2 Ratio of the overlapping area is somewhat more tedious. One has to:

1. find all the segment intersections between two triangles $t_1$ and $t_2$,
2. create a Delaunay triangularization $T$ (fast for max 12 points),
3. check if center points of $t\in T$ are within either triangle $\rightarrow$ two subsets $T_1,T_2\subset T$,
4. then sum up the triangle areas at the intersection and the union:

The overlapping ratio $t$ is now: \[t= \frac{\sum_{t\in T_1\cap T_2} A_t}{\sum_{t\in T_1\cup T_2} A_t}\].

The above Fig. shows two triangles, their vertices and common intersection points and the common triangularization. Red triangles are outside the union $t_1\cup t_2$.

A similar rotational search can be done here as in the case of the vertex error.

3 The Groth approach separates the shape and the size. The shape descriptor of a triangle $t$ is
a pair $(r,c)$ where $r=b/a$ is the ratio of the largest length $b=\|\bar{b}\|$ and the shortest length $a=\|\bar{a}\|$ among the edges of $t$. The corresponding edge vectors are $\|-\bar{a}\|$ and
$\|\bar{b}\|$, both starting from the vertex $p_1$ between the edges in question.
$C=-\bar{a}^0\cdot\bar{b}^0=\cos\phi$ is the $cos(\phi)$ value of the angle $\phi$ at the vertex $p_1$.

If one assumes a radial perturbance $\epsilon$ at each vertex point, one gets the following
perturbation $(\delta_r, \delta_C)$ at the shape descriptor: ${\delta}_r^2 = 2r^2F$, 

$\delta_C^2 = 2S^2F+ 3C^2F^2$, where $S=\sqrt{1-C^2}$ is the $sin$ value of the angle at 

the vertex 1. A common coefficient $F$ shortens the equations above:
\[ F= \epsilon^2(1/b^2- \frac{C}{ab}+1/a^2) \]

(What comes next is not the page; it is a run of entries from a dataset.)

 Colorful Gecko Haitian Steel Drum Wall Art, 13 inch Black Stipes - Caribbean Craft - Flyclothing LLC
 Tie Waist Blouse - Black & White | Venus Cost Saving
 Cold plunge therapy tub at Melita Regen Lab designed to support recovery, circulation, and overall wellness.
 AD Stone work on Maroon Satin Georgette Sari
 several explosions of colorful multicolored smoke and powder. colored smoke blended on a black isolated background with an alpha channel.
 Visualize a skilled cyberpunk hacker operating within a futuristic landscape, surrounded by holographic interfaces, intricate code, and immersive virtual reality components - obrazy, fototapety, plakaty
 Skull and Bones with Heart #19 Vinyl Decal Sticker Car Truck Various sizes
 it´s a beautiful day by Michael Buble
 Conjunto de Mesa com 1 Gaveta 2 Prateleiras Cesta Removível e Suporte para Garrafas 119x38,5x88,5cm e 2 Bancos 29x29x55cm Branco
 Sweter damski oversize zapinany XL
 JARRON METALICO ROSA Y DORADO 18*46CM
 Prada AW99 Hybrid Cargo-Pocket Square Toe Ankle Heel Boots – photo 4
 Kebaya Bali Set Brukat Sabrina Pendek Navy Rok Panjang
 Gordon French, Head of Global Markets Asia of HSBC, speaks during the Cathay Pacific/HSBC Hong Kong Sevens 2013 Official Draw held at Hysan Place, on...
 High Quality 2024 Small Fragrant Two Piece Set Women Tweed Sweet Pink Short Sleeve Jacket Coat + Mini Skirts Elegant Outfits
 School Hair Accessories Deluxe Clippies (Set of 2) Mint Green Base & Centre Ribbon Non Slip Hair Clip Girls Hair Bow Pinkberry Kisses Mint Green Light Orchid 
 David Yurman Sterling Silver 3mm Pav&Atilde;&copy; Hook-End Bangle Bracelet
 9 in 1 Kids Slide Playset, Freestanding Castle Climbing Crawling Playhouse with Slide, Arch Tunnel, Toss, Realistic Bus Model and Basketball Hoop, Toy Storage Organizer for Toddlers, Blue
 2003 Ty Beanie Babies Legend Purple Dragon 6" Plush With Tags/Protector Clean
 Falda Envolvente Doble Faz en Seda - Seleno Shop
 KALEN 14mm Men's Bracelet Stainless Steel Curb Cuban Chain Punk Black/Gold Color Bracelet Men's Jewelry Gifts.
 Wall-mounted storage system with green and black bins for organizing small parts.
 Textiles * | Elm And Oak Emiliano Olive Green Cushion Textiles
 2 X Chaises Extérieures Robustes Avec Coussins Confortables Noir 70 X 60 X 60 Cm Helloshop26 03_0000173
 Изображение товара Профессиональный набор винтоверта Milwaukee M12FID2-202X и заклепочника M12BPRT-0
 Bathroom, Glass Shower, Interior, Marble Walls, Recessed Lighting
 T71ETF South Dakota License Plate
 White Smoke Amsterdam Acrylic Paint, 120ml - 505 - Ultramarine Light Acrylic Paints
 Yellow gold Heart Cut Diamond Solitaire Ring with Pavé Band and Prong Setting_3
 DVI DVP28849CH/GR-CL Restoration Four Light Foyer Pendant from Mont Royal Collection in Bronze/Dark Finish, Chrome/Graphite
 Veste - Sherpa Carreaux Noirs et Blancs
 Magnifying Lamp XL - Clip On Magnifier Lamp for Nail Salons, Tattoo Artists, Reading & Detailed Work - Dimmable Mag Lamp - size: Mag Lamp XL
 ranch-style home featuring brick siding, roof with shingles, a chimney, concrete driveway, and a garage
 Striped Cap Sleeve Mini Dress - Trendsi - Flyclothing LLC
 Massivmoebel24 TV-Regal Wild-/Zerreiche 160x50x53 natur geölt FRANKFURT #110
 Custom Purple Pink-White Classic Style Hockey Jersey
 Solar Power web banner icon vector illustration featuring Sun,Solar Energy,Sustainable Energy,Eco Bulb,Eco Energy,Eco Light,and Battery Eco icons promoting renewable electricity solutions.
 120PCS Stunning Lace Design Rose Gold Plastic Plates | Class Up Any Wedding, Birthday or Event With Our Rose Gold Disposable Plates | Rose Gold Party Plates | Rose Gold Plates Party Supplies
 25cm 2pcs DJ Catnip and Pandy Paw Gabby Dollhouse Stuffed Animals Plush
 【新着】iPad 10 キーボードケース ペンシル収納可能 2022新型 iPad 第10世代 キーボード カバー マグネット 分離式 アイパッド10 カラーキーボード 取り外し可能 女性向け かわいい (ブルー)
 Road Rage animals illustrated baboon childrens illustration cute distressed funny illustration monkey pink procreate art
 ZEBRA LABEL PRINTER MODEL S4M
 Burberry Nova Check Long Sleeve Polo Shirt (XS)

For two triangles $t_1$ and $t_2$ with shape descriptors $(r_1,C_1)$ and $(r_2,C_2)$,
a match happens if the following inequality holds:
$$
min\left(  \frac{(r_1-r_2)^2}{\delta_{r1}^2+ \delta_{r2}^2},
           \frac{(C_1-C_2)^2}{\delta_{C1}^2+ \delta_{C2}^2}   \right) < 1
$$

4 The planar triangle method focuses on two characteristics of a triangle $t$. The area $A_t=\sqrt{s(s-a)(s-b)(s-c)}$ is defined by Heron's formula, where $s=(a+b+c)/2$ is the
half-length of the perimeter of the triangle $t$ and $a,b,c$ are the side lengths. The second
characteristic entity is the polar moment $I_t=A_t(a^2+b^2+c^2)/36$ The area and the polar
moment are rather independent of each other. Naturally, the scale invariance requires
scaling by the area, and position invariance centering to the triangle mean.

One needs a matrix
$H_A=[A_{t,\bar{a}},A_{t,\bar{b}},A_{t,\bar{c}}]\in\mathbb{R}^{1\times 6}$, which is
an assembly of three sub-matrices, each by differentiation of the area w.r.t. each vertex.
Similarly, $H_I= [I_{t,\bar{a}},I_{t,\bar{b}},I_{t,\bar{c}}]$. See the details of the terms
of these two matrices from the publication Cole (2006). Now, one can state
the variances of area and polar moment:
$$
\begin{eqnarray}
    \sigma_A^2&=& \sigma^2 H_A \cdot H_A\\
    \sigma_I^2&=& \sigma^2 H_I \cdot H_I^T\\
\end{eqnarray}
$$

Just as previously, the final test for matching of triangles $t_1,t_2$ is:
$$
  min\left(  \frac{(A_1-A_2)^2}{\sigma_{A1}^2+ \sigma_{A2}^2},
           \frac{(I_1-I_2)^2}{\sigma_{I1}^2+ \sigma_{I2}^2}   \right) < 1,
$$
where the upper limit can be chosen depending on the application (here 2 s.t.d's have been chosen).

So, how are these four dissimilarities related in the presence of noise? That is a good topic for another blog post.